Love this line in the first smiley chapter describing his reaction to something foolish martindale says:

“The monstrosity of this, reaching Smiley through a thickening wall of spiritual exhaustion, left him momentarily speechless.”

𝔠𝔞𝔢𝔨 (caek), Wednesday, 25 November 2020 20:23 (three years ago) link

In the TV show he spots Guillam, says to the bookseller "do you know I rather think that we might trust this to the royal mail, after all" and asks for a back entrance

It's worth pondering because a piece of this quality is simply fun and rich enough to ponder

spruce springclean (darraghmac), Wednesday, 25 November 2020 20:47 (three years ago) link

Episode V

This time around, having read THS, Ackland really packs in all the Westerby detail and tics, it's a lovely little role and a lovely performance in it

Esterhase interrogation is far better in this, obviously, a real catharsis and Hepton hits all his spots very nicely too

spruce springclean (darraghmac), Wednesday, 25 November 2020 22:10 (three years ago) link

Ackland’s performance really is something else. that compelling mixture you get in the book - both vivid social/class type and person. le carré v good at snobbery (and its victims like westerby).

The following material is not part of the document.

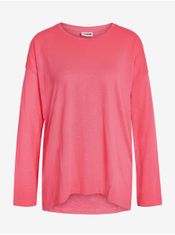 Noisy May Tmavo ružové dámske basic oversize tričko s dlhým rukávom Noisy May Mathilde L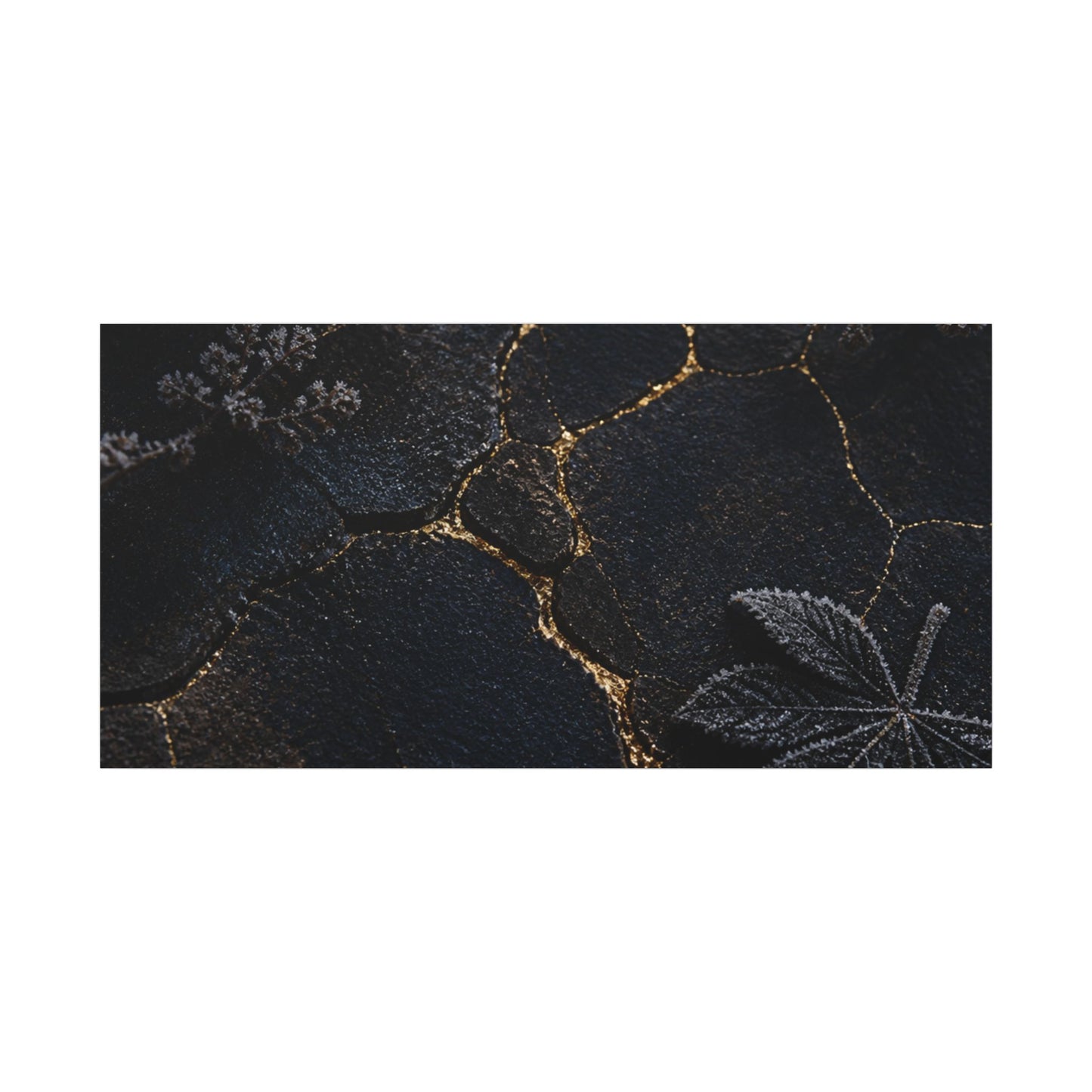 Candlelight Cracked Earth Canvas Art - Dark Japandi Ma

Fizzles, Wednesday, 25 November 2020 22:24 (three years ago) link

A victim of his lack of aggression as opposed to his status, as performed here I think

But perhaps I'm missing things here, I thought he was quite posh but shamblingly, disappointingly so as I recall him in THS- is he meant to be a cut below the top dogs in the circus classwise here?

spruce springclean (darraghmac), Wednesday, 25 November 2020 22:30 (three years ago) link

Again, how much of this is stewed versions coming together as projection or how much is deliberate subtext agreed between director and actors is possibly moot, but Esterhase was the wrong person, as far as the TV version has it, to send back to Jerry to squash his Czech report.

Fits with his being (as suggested by Smiley) the lapdog inclusion in the gang of four Witchcraft privileged, the one useful for errands, the one most eager, but certainly Ackland's Westerby bridles at being savaged by this clotheaten specimen- driving him to write the letter to Smiley

spruce springclean (darraghmac), Wednesday, 25 November 2020 22:39 (three years ago) link

The second-best moment of actual direction so far- the camera remaining at the bar when Jerry and George sneak off into the corner to conspire

spruce springclean (darraghmac), Wednesday, 25 November 2020 22:40 (three years ago) link

"clotheaten" not right, tbf, but not the stuff of any of the other title pieces certainly

spruce springclean (darraghmac), Wednesday, 25 November 2020 22:54 (three years ago) link

A victim of his lack of aggression

yes absolutely. it's not a class thing, but an *in-class* thing.

Fizzles, Thursday, 26 November 2020 17:41 (three years ago) link

Tbh I've watched one each night the past five nights and

i. everything bar the most recent has already faded back into the roiling, bubbling mix of novel/film/series

ii. not unrelated, I could watch those first four starting right now again and enjoy them as much and, I think, see different things in them than I did last week

the richness is almost too much in real time

spruce springclean (darraghmac), Thursday, 26 November 2020 19:00 (three years ago) link

i played them last night because i couldn't sleep.

incidentally, just on this bloody book. i'd forgotten that in the novel, Smiley, irritated at Ann's spending, decides to *sell* his copy of Grimmelshausen at the bookseller. he bumps into Martingdale before he gets there, and leaves the Grimmelshausen at the club, the realisation of which later causes him, after a bout of peevish muttering, to burst out sopra voce 'oh damn, damn, damn' in the street. in the series, this is completely detached from any cause, other than an overplus of sadness, frustration, self-loathing, irritation, age and boredom.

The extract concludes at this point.